Patches and Switches - An admittedly interim solution is a "patch," like the Border Tactical Communications System (BORTAC) in San Diego. It is the modern equivalent of a telephone switchboard, and is activated when one agency requests a patch to another. The dispatcher at the central location simply uses a mouse to connect icons representing the agencies on a computer screen. Voice transmissions come into the central location and are remodulated and transmitted in a voice format appropriate for the receiver's radio. Low band, VHF, UHF, conventional, trunked and 800 MHz systems all communicate directly with one another, without delay or the potential error of the traditional officer-to-dispatcher-to-dispatcher-to-officer communication. BORTAC connects 16 federal, state and local agencies in the area and has prompted the formation of RIO-Com, a similar patch that connects 11 agencies in the South Texas area. Similarly, the ACU-1000, located at the Alexandria (Va.) Police Department, is an experimental switch that allowed the Washington D.C. Metropolitan Police Department, the U.S. Park Police, the U.S. Secret Service, the FBI and the U.S. Capitol Police to communicate with one another for the first time during this year's inauguration ceremonies.
Internet ... The Final Frontier?
Some believe the Internet may provide the ultimate solution for voice communications and data transmission. Where the Internet once had the ability to transmit only text and graphics, it is now sophisticated enough to transmit voice.
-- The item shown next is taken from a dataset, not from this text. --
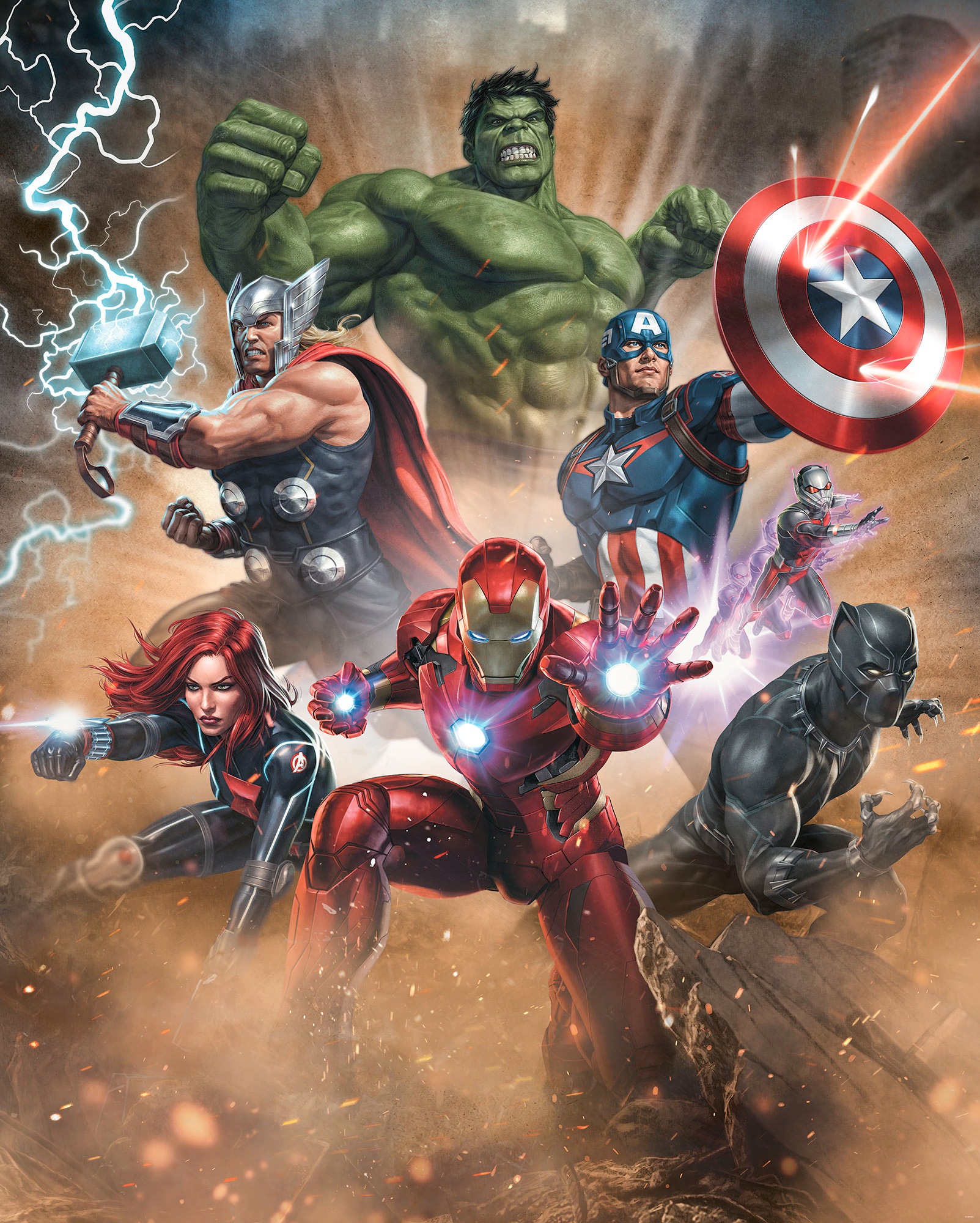 Komar Fototapete »Avengers Superpower«, bedruckt, 200 x 250 cm (Breite x Höhe) - Tapete, Vlies, Wohnzimmer, Schlafzimmer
"The ability to send voice over the Internet is opening up a whole slew of capabilities for public safety," Tolman said. "Texas, for example, is a huge area. How do you get transmitters to cover it? A microwave manufacturer says give us the dollars and we'll give you point-to-point microwaves. But that's expensive. With voiceover IP, dispatch centers can bring up transmitters through the Internet. That technology, I predict, will revolutionize communications. States with fewer populations will be able to increase their coverage without investing huge amounts of money."